What the task asks:
All pictures are to be omitted while the lines starting at the line with "Nor-Tech Boats: The" and ending at the line with "Little Kimmi Johnson poster" in the material below are retyped exactly, both ends included.

[Records provided — start]

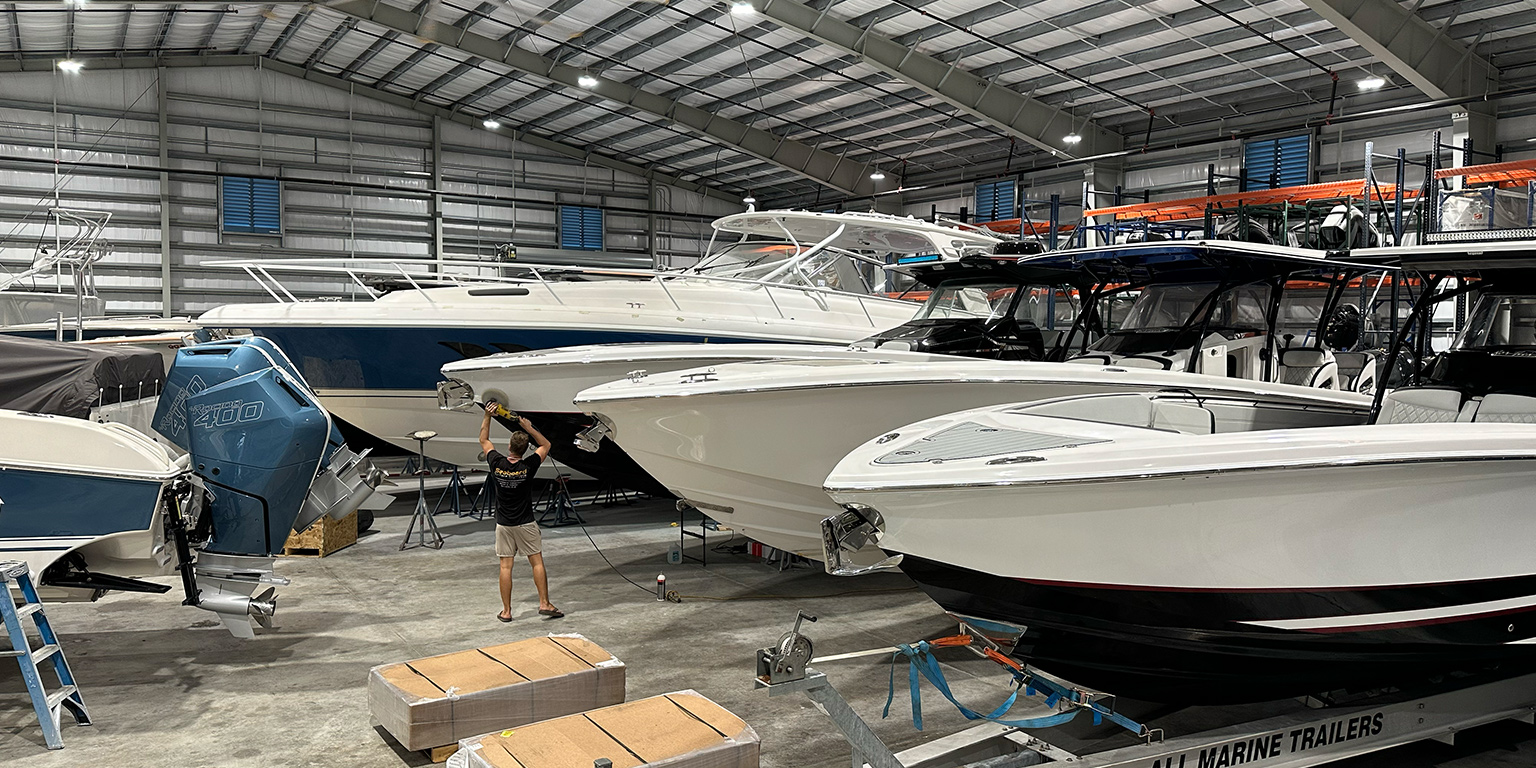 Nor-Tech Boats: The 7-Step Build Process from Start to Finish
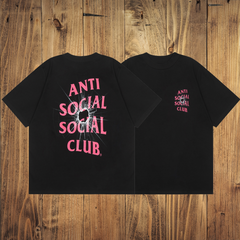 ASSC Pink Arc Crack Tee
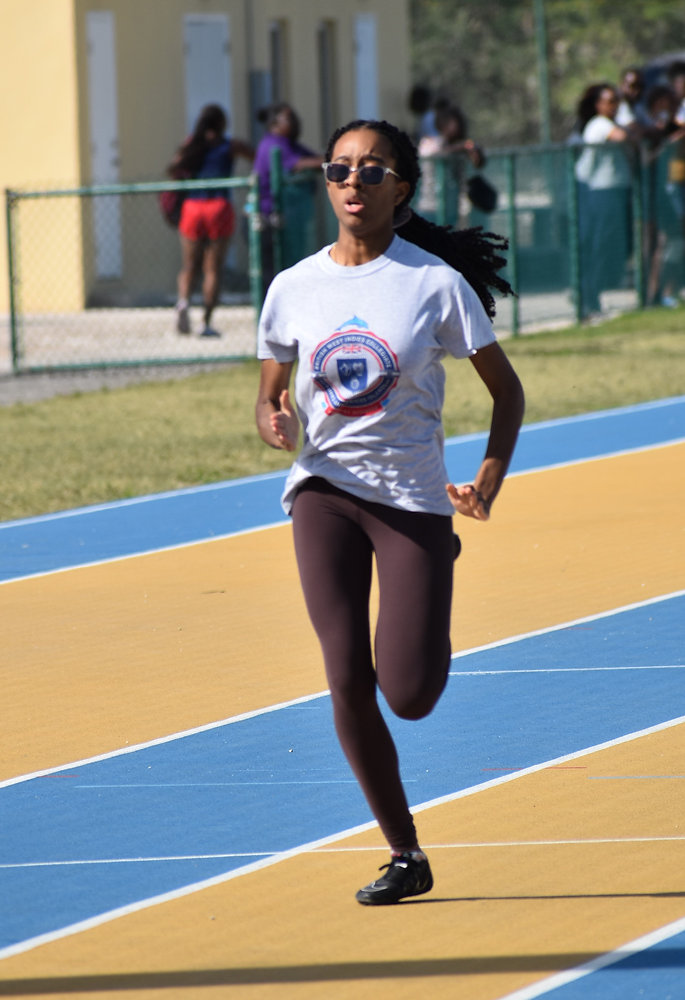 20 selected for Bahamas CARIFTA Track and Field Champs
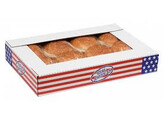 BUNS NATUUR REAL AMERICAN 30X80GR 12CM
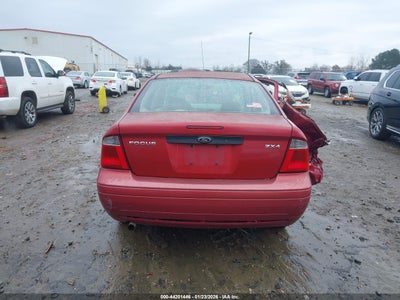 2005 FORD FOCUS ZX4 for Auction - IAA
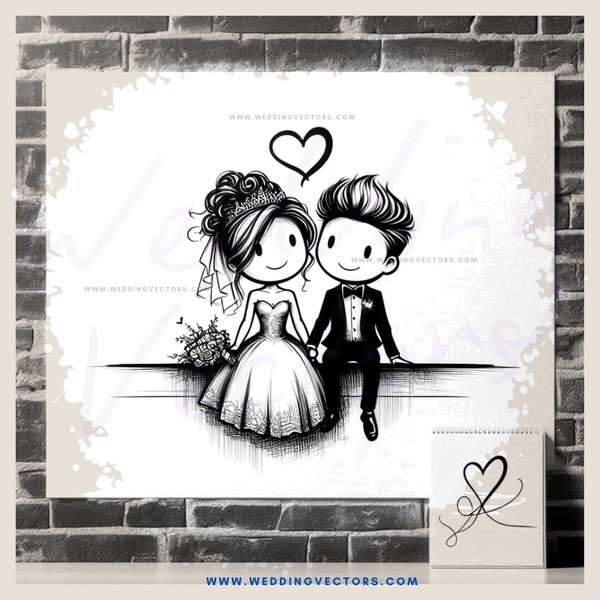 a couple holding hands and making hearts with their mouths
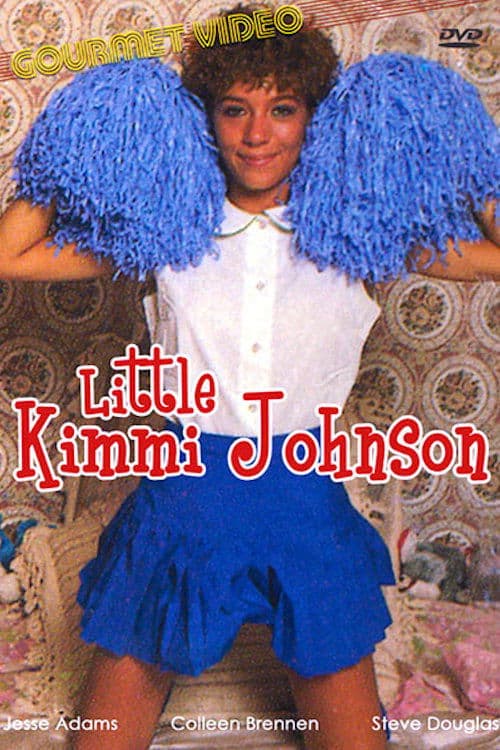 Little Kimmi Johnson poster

[Records provided — finish]
[Records provided — start]

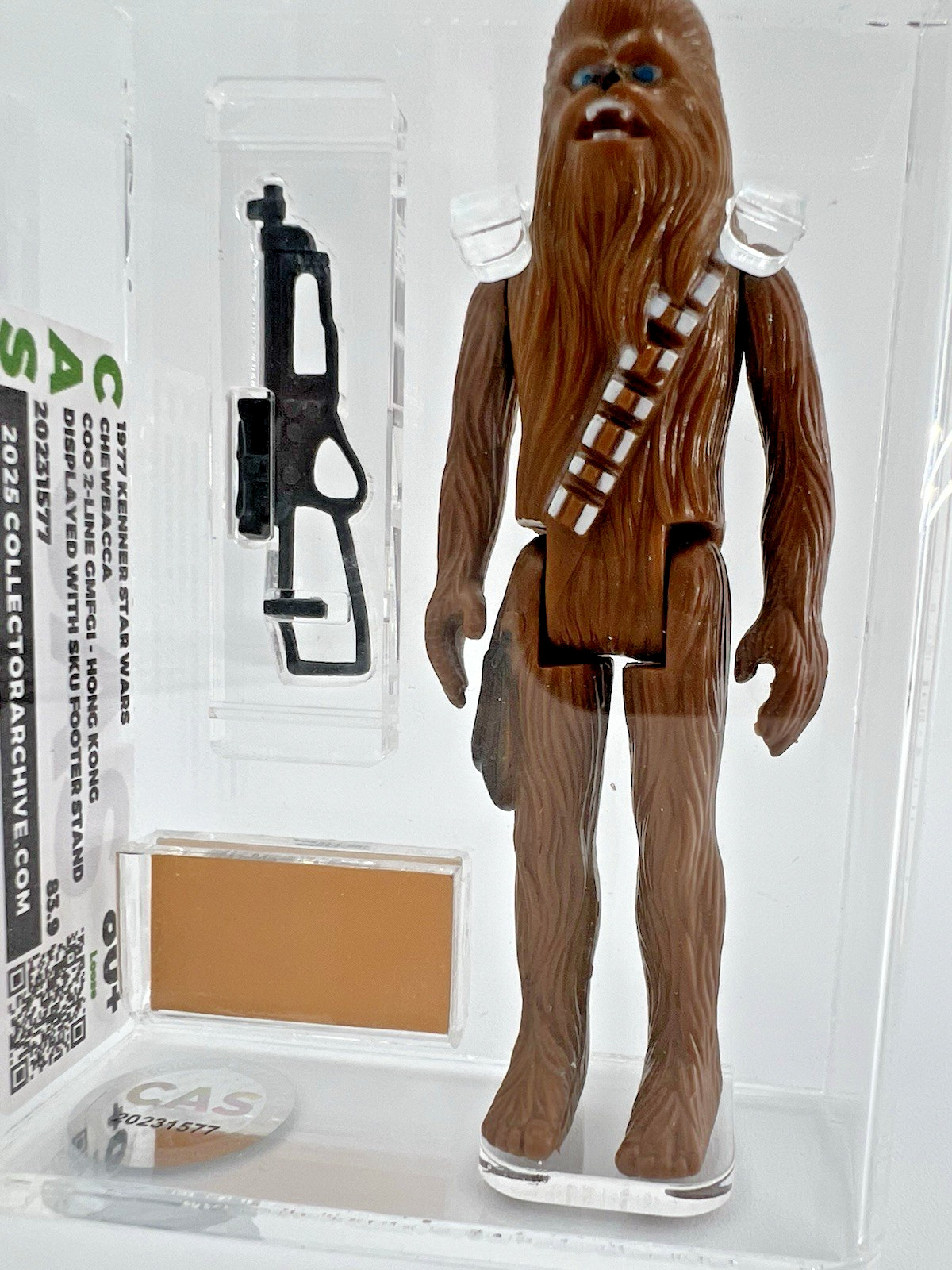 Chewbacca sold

[Records provided — finish]
[Records provided — start]

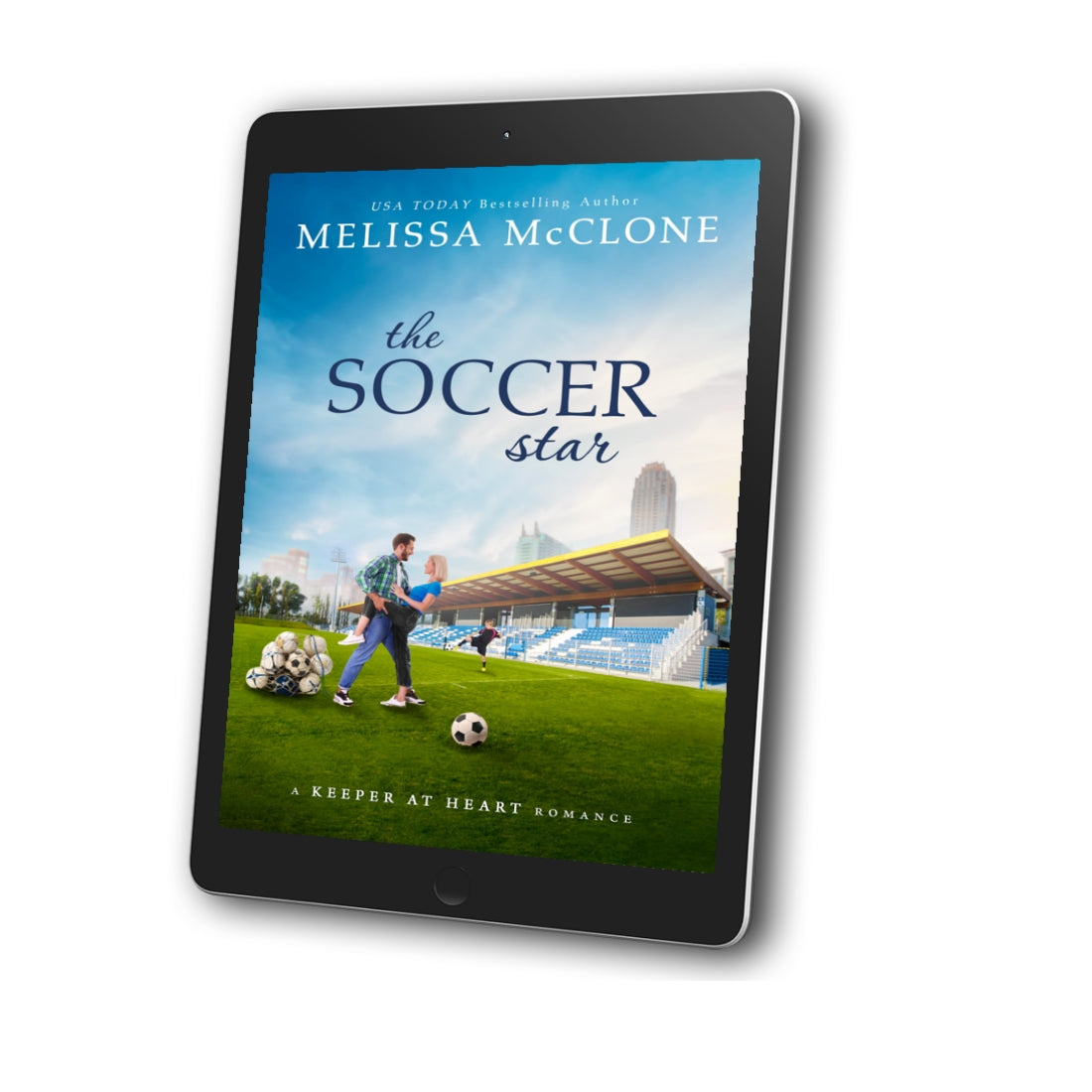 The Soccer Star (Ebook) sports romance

[Records provided — finish]

Task result:
 Nor-Tech Boats: The 7-Step Build Process from Start to Finish
 ASSC Pink Arc Crack Tee
 20 selected for Bahamas CARIFTA Track and Field Champs
 BUNS NATUUR REAL AMERICAN 30X80GR 12CM
 2005 FORD FOCUS ZX4 for Auction - IAA
 a couple holding hands and making hearts with their mouths
 Little Kimmi Johnson poster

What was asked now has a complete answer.